行政と企業が提携 図書館再建の新しい仕組み 陸前高田市図書館ゆめプロジェクト

岩手県陸前高田市は、被災した陸前高田市立図書館の再建に向けて、古本販売業のバリューブックスと共同で「陸前高田市図書館ゆめプロジェクト」を立ち上げた。

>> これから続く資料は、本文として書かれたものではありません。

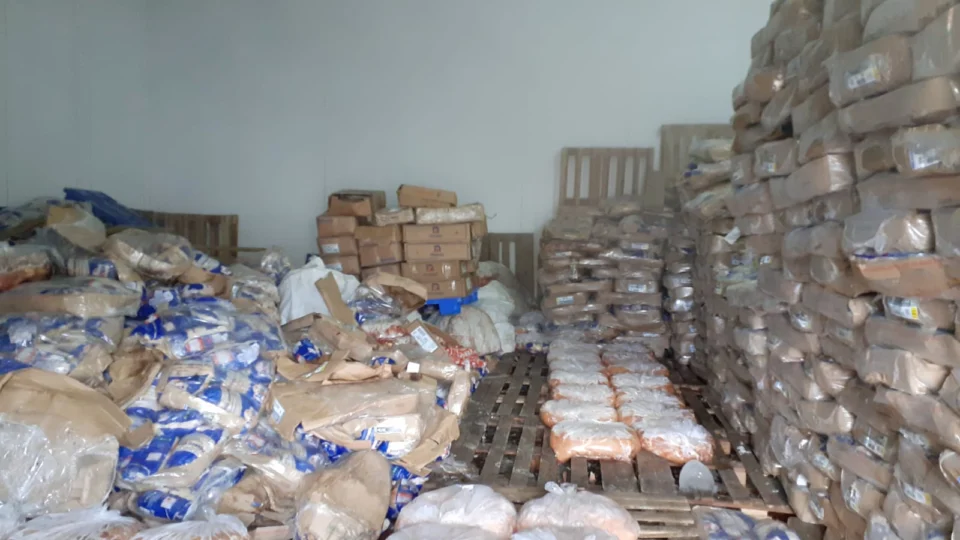 Mais de 21 toneladas de carne vencida são apreendidas na Zona Norte de Manaus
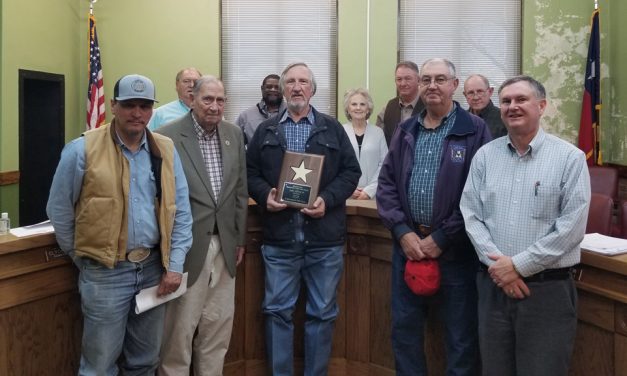 Board Member Recognized for Nineteen Years With METGCD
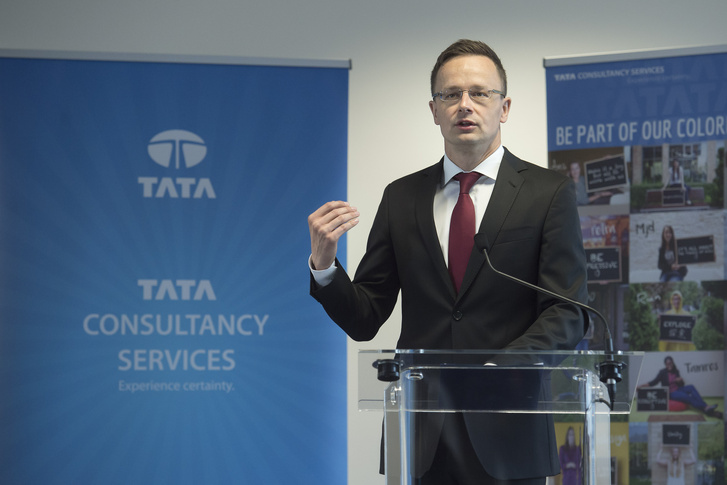 Szijjártó Péter külgazdasági és külügyminiszter a Tata Consultancy Services sajtótájékoztatóján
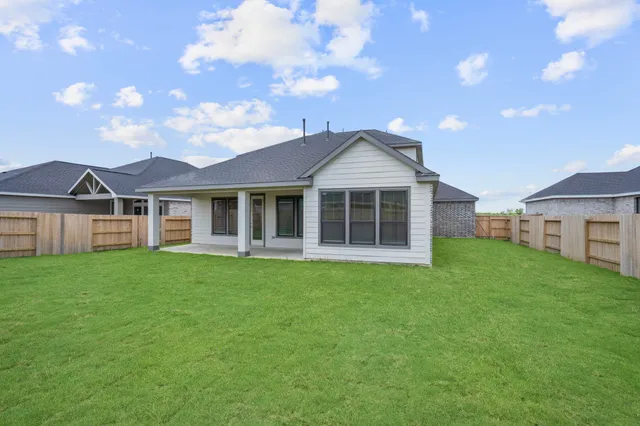 $408,000 | 116 Black Hickory Drive, Hempstead, TX 77445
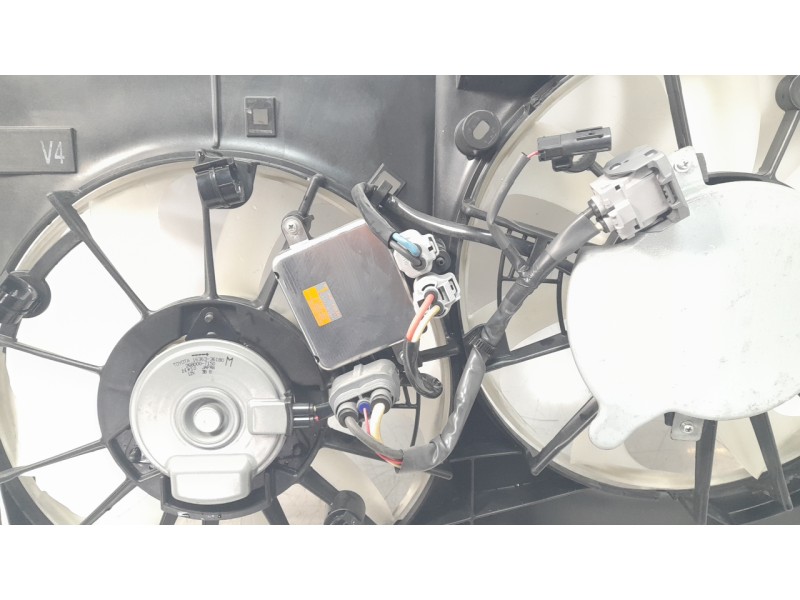 Recambio de electroventilador para toyota rav4 referencia OEM IAM 1671136180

同図書館は約8万冊の蔵書を津波ですべて失い、現在も再建のめどが立っていない。今月始まった同プロジェクトの仕組みは、次の通りだ。まず、図書館再建を支援する個人や企業は、不要になった書籍を古本としてバリューブックスに寄贈する。同社はそれを査定し、寄贈主に代わって、買い取り金額を図書館再建のための資金として、陸前高田市に寄付する。寄贈された書籍は、同社がインターネットで古本として販売する。申し込みは5冊以上からと、個人でも気軽に協力できるようにした。

陸前高田市図書館ゆめプロジェクト

「震災後、市役所には図書を寄贈したいというお話をたくさんいただきました。しかし図書館という受け入れ施設自体が全壊したため、保管できるスペースもなく、再建するまでは断らざるを得なかったのです」。中心となってプロジェクトを立ち上げた、陸前高田市副市長の久保田崇氏はそう話す。「けれども全国の厚意を無駄にしたくないとの思いから、このような仕組みを作り上げることができました。全国のみなさんとバリューブックスさんに、深く感謝しています」と久保田氏。図書館の1日も早い再建が待ち遠しい。
また、6月1日には陸前高田市に先んじて、大槌町は小鎚の中央公民館内に、震災前を上回る蔵書6万冊の「城山図書室」を開設した。読書は、知性や夢を育む何にも代え難いもの。これらの先例を参考に、今後他の地域でも図書館再建が進むことが期待される。